Board Games and Video Games

Understanding Different Languages

The goal of this project was to better understand the board gaming and video gaming communities by determining the differences in their word choice. Using the Reddit API, I scraped over 5,000 posts from the board game and video game subreddits. I stemmed and applied a TFIDF vectorizer to the posts. From there, I optimized the hyperparameters of different classifiers. I chose a logistic regression due to strong predictability and interpretability. It was able to determine subreddits with 98% accuracy. Using it, I could determine which words were the best predictors of each subreddit. See more on GitHub

Ames, Iowa Housing

Predicting Homeprices

The goal of the project was to create a model to predict home prices in Ames, Iowa using a dataset with around 2000 homes and 80 features. I began by cleaning the data and exploring it to understand the relationships of the features with each other and with home prices. Once completed, I used background knowledge to create features that had stronger correlations with sale price. Using a few different functions that I created, I narrowed down the features to ones that were less correlated with each other and best correlated with sales prices. To create interaction terms I used polynomial features. Finally, I scaled the data, and optimized L1 and L2 regularized regressions to predict the home prices.

Skills

Programming Languages & Libraries

Python

Pandas
PySpark
Scikit-learn
Statsmodels
NumPy
SciPy
Keras
OpenCV
Plotly
Bokeh

SQL

C++

Machine Learning Tools

Generalized Linear Models
Regularization
Classification and Regression Trees
Support Vector Machines
Neural Networks
Count and TFIDF Vectorizers
Bagging and Boosting
Clustering
Principal Component Analysis
Pipelines

Interests

Basketball

I am a huge fan of all things basketball.

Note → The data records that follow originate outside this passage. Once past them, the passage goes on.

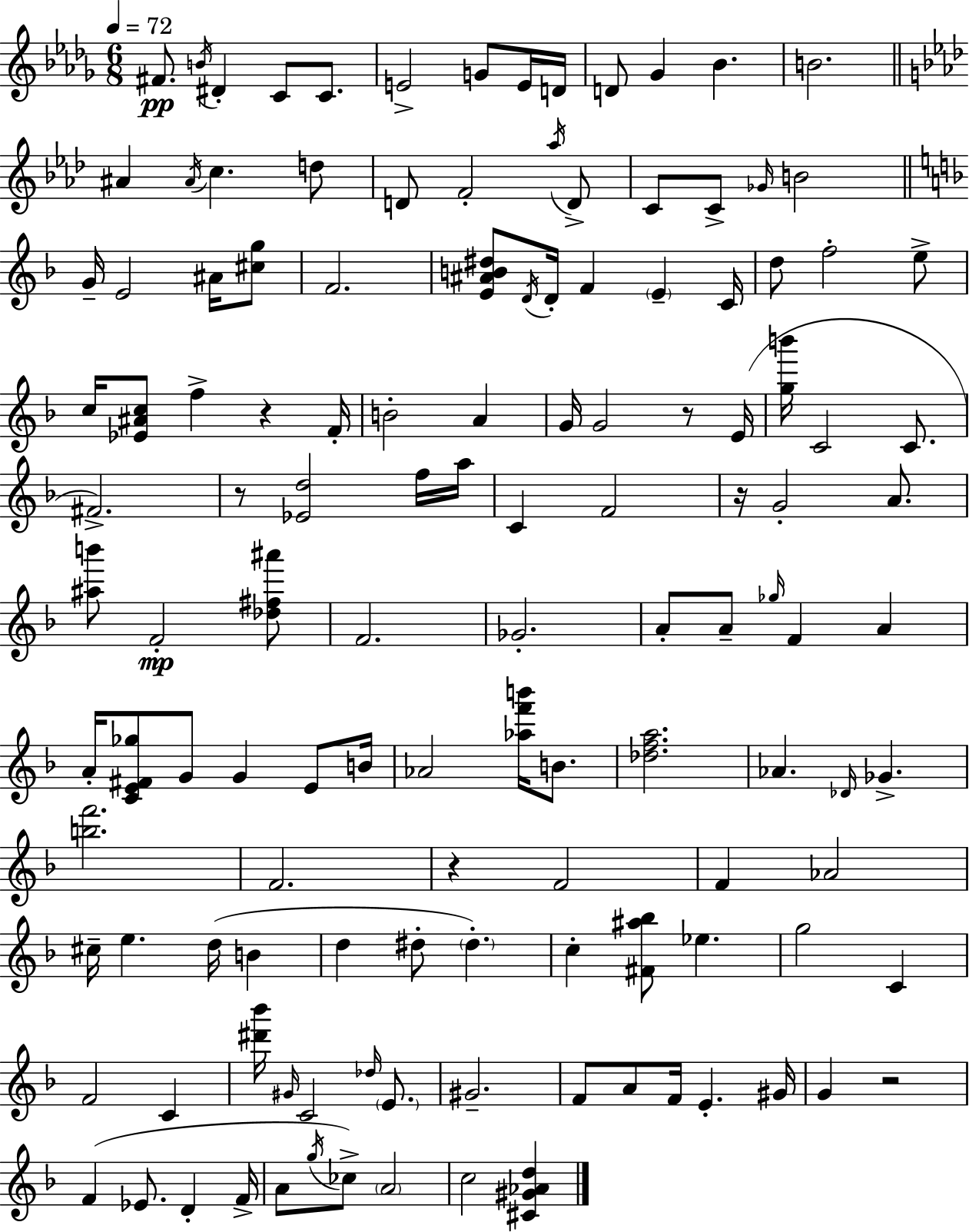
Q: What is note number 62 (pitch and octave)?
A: A4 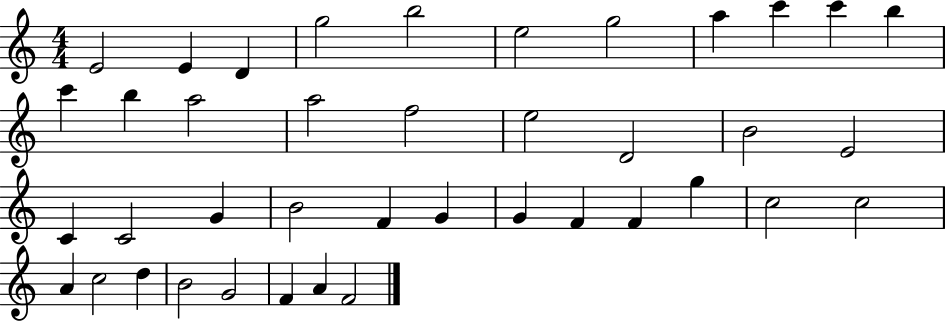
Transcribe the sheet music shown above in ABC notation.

X:1
T:Untitled
M:4/4
L:1/4
K:C
E2 E D g2 b2 e2 g2 a c' c' b c' b a2 a2 f2 e2 D2 B2 E2 C C2 G B2 F G G F F g c2 c2 A c2 d B2 G2 F A F2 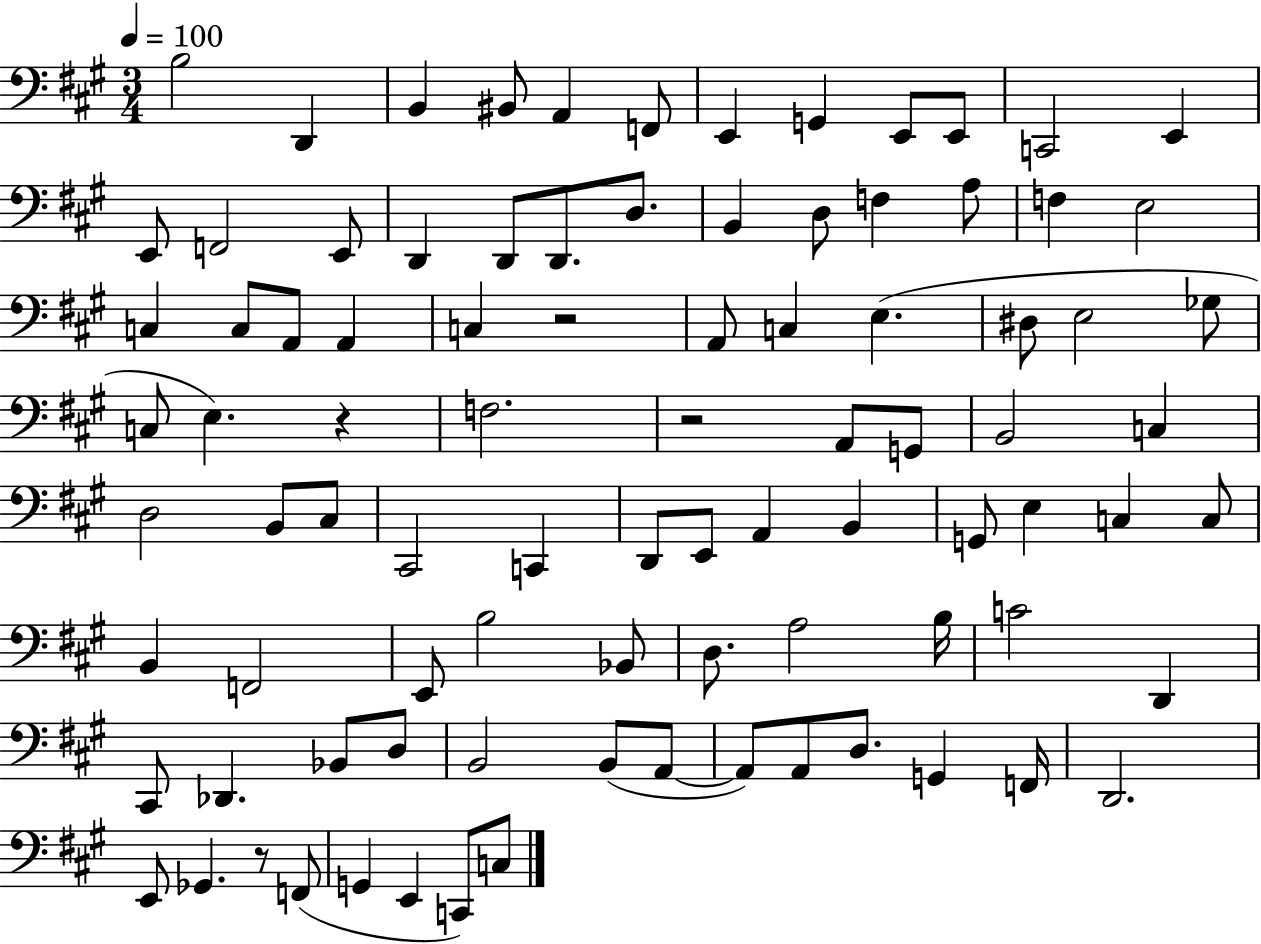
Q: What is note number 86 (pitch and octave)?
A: C3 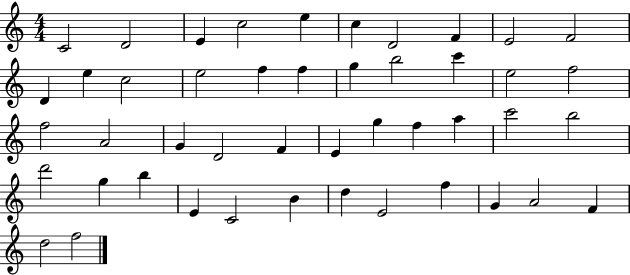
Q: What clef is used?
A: treble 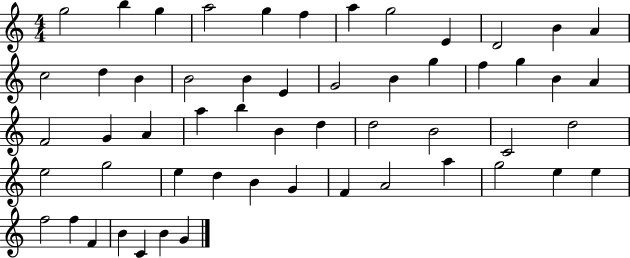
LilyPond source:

{
  \clef treble
  \numericTimeSignature
  \time 4/4
  \key c \major
  g''2 b''4 g''4 | a''2 g''4 f''4 | a''4 g''2 e'4 | d'2 b'4 a'4 | \break c''2 d''4 b'4 | b'2 b'4 e'4 | g'2 b'4 g''4 | f''4 g''4 b'4 a'4 | \break f'2 g'4 a'4 | a''4 b''4 b'4 d''4 | d''2 b'2 | c'2 d''2 | \break e''2 g''2 | e''4 d''4 b'4 g'4 | f'4 a'2 a''4 | g''2 e''4 e''4 | \break f''2 f''4 f'4 | b'4 c'4 b'4 g'4 | \bar "|."
} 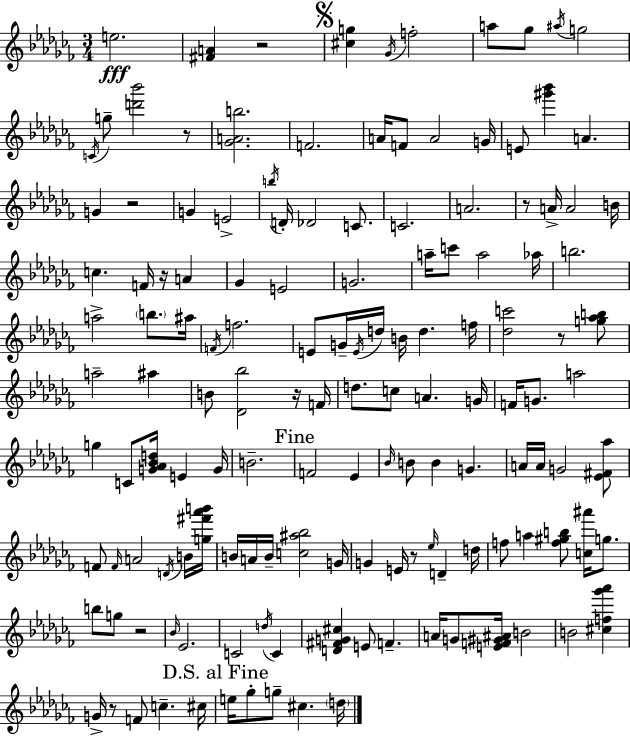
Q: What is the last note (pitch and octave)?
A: D5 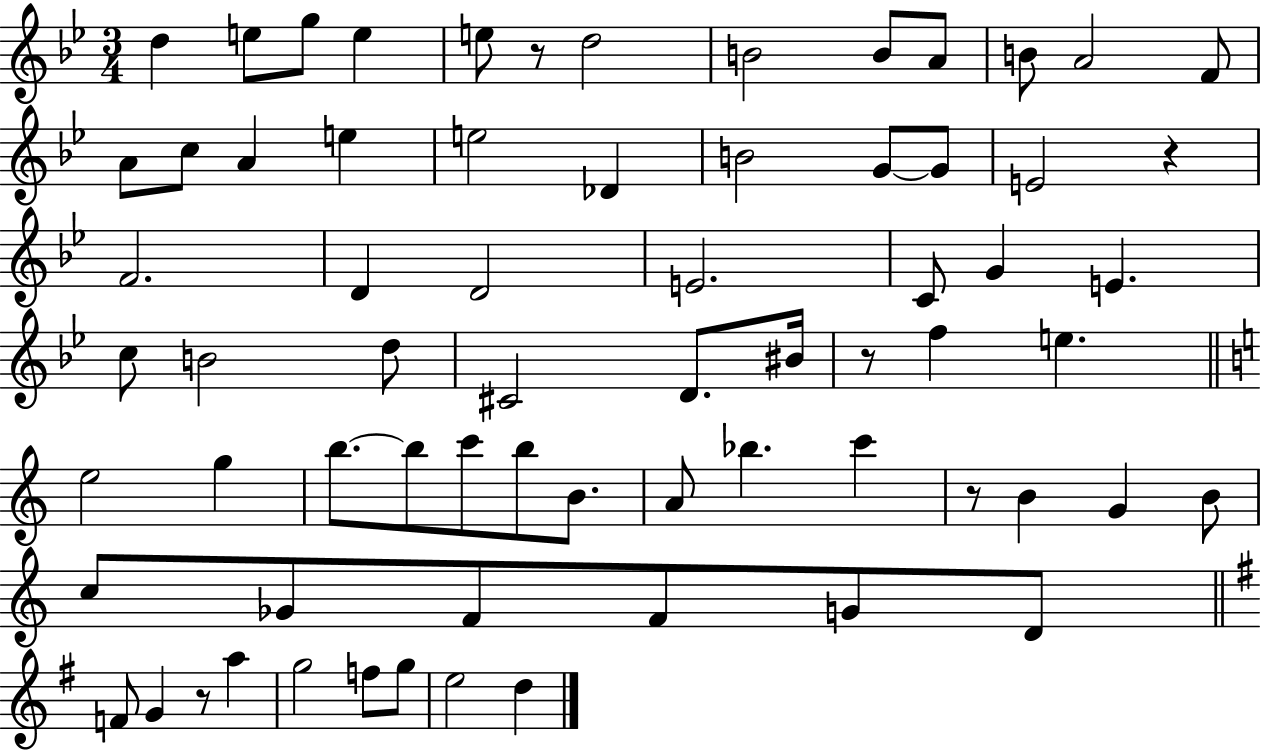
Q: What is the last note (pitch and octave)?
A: D5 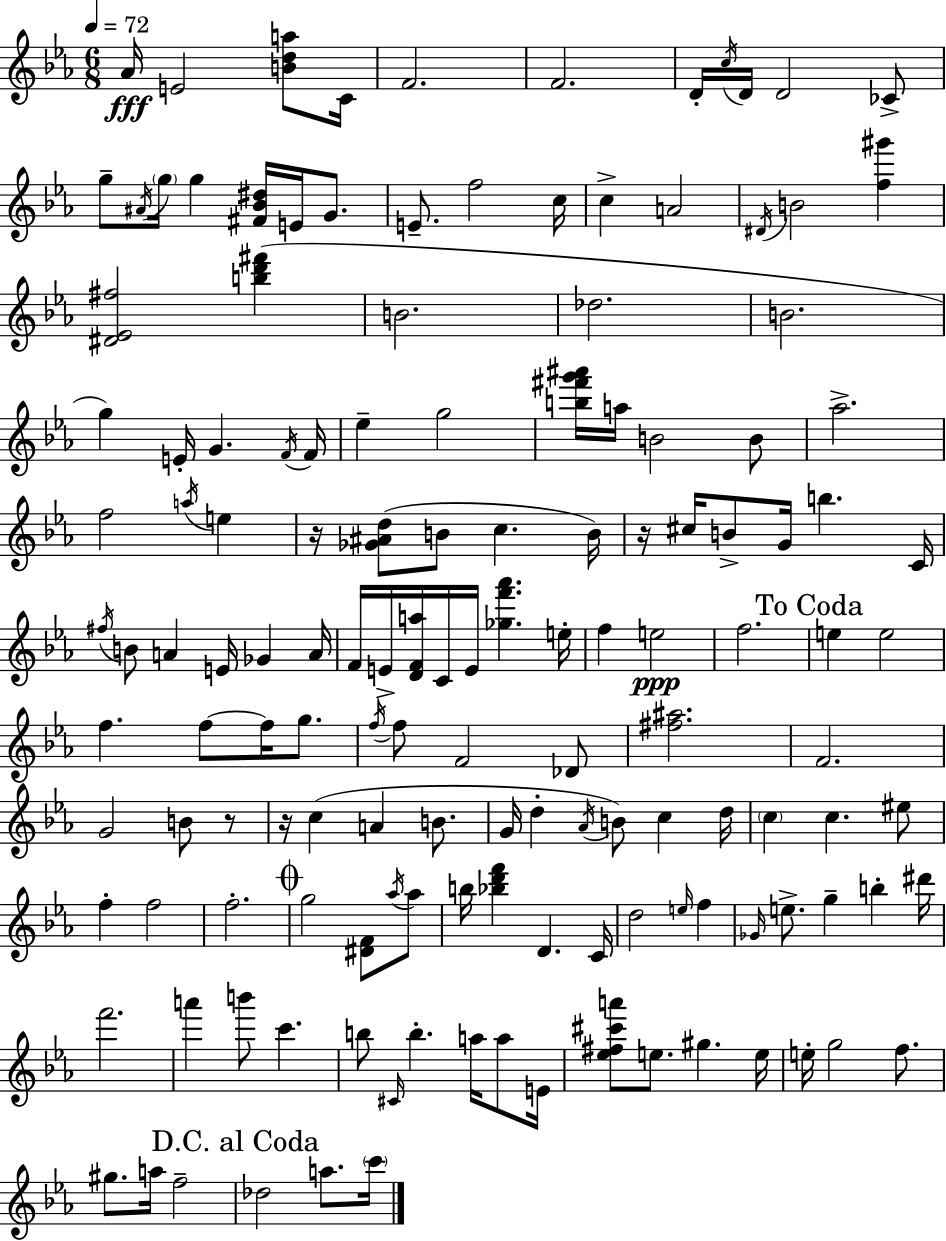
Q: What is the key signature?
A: C minor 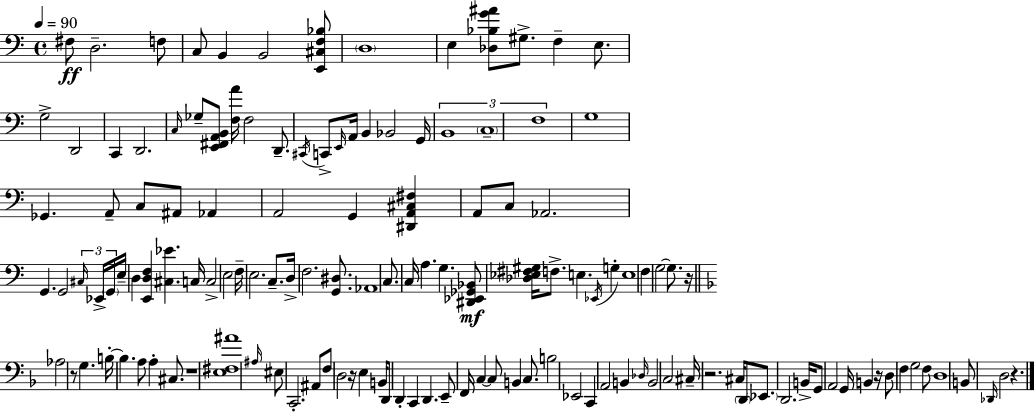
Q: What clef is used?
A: bass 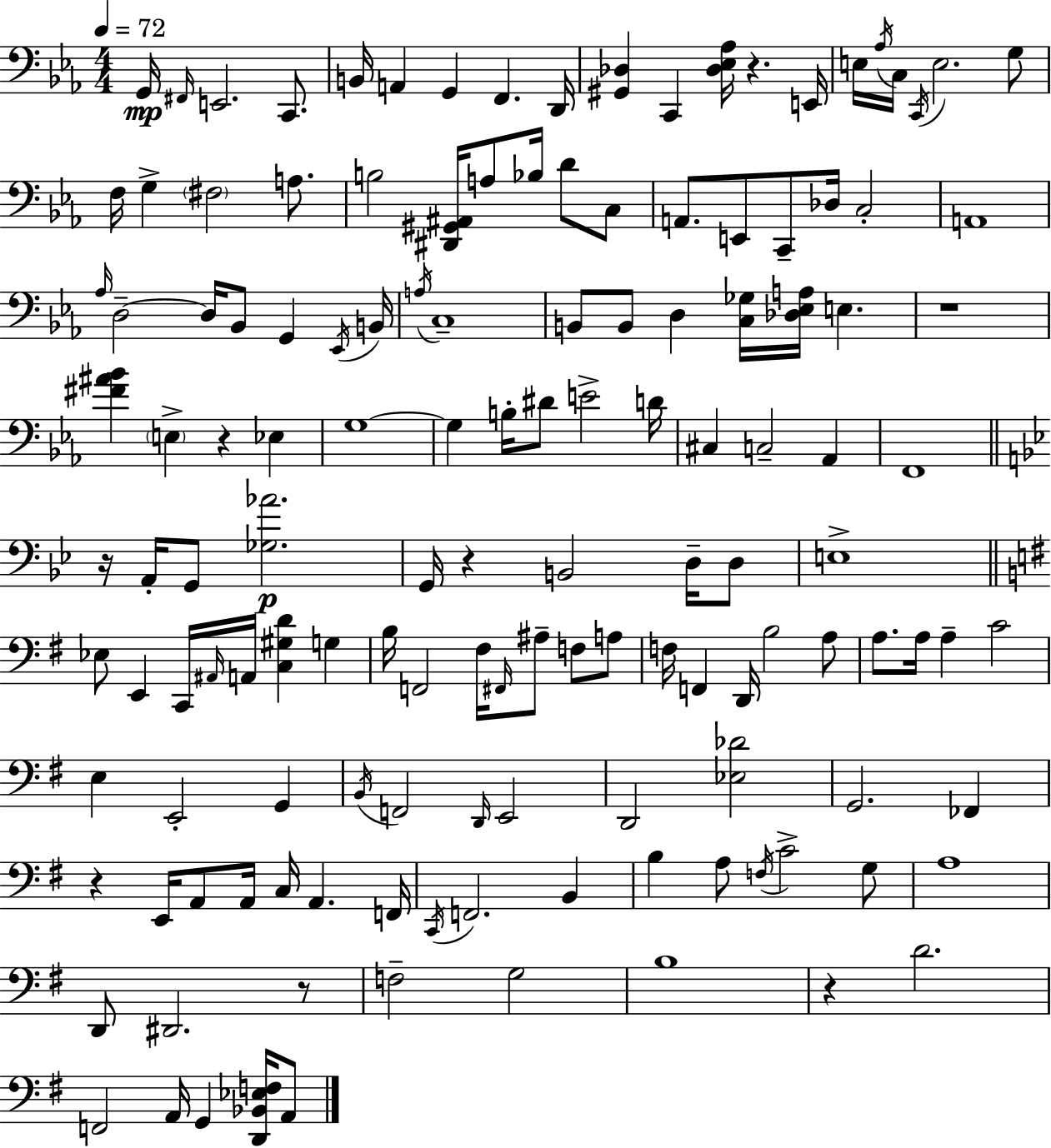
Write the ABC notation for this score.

X:1
T:Untitled
M:4/4
L:1/4
K:Cm
G,,/4 ^F,,/4 E,,2 C,,/2 B,,/4 A,, G,, F,, D,,/4 [^G,,_D,] C,, [_D,_E,_A,]/4 z E,,/4 E,/4 _A,/4 C,/4 C,,/4 E,2 G,/2 F,/4 G, ^F,2 A,/2 B,2 [^D,,^G,,^A,,]/4 A,/2 _B,/4 D/2 C,/2 A,,/2 E,,/2 C,,/2 _D,/4 C,2 A,,4 _A,/4 D,2 D,/4 _B,,/2 G,, _E,,/4 B,,/4 A,/4 C,4 B,,/2 B,,/2 D, [C,_G,]/4 [_D,_E,A,]/4 E, z4 [^F^A_B] E, z _E, G,4 G, B,/4 ^D/2 E2 D/4 ^C, C,2 _A,, F,,4 z/4 A,,/4 G,,/2 [_G,_A]2 G,,/4 z B,,2 D,/4 D,/2 E,4 _E,/2 E,, C,,/4 ^A,,/4 A,,/4 [C,^G,D] G, B,/4 F,,2 ^F,/4 ^F,,/4 ^A,/2 F,/2 A,/2 F,/4 F,, D,,/4 B,2 A,/2 A,/2 A,/4 A, C2 E, E,,2 G,, B,,/4 F,,2 D,,/4 E,,2 D,,2 [_E,_D]2 G,,2 _F,, z E,,/4 A,,/2 A,,/4 C,/4 A,, F,,/4 C,,/4 F,,2 B,, B, A,/2 F,/4 C2 G,/2 A,4 D,,/2 ^D,,2 z/2 F,2 G,2 B,4 z D2 F,,2 A,,/4 G,, [D,,_B,,_E,F,]/4 A,,/2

As much as possible, I like to play basketball. When that is not possible, I love watching the Celtics (or other NBA teams) and I love analyzing teams using advanced analytics.

Board Games

In high school, I fell in love with board games while playing Settlers of Catan. Years later, I discovered that there was a whole world of board games out there. While most of my favorite games are medium-heavy Euros, I have been slowly getting into economic train games.

Books

When I have some free time to myself, especially when commuting, I often fill it with reading. Mostly, I enjoy reading science fiction and fantasy. I am currently alternating between The Maze of Games and A People's Future of the United States.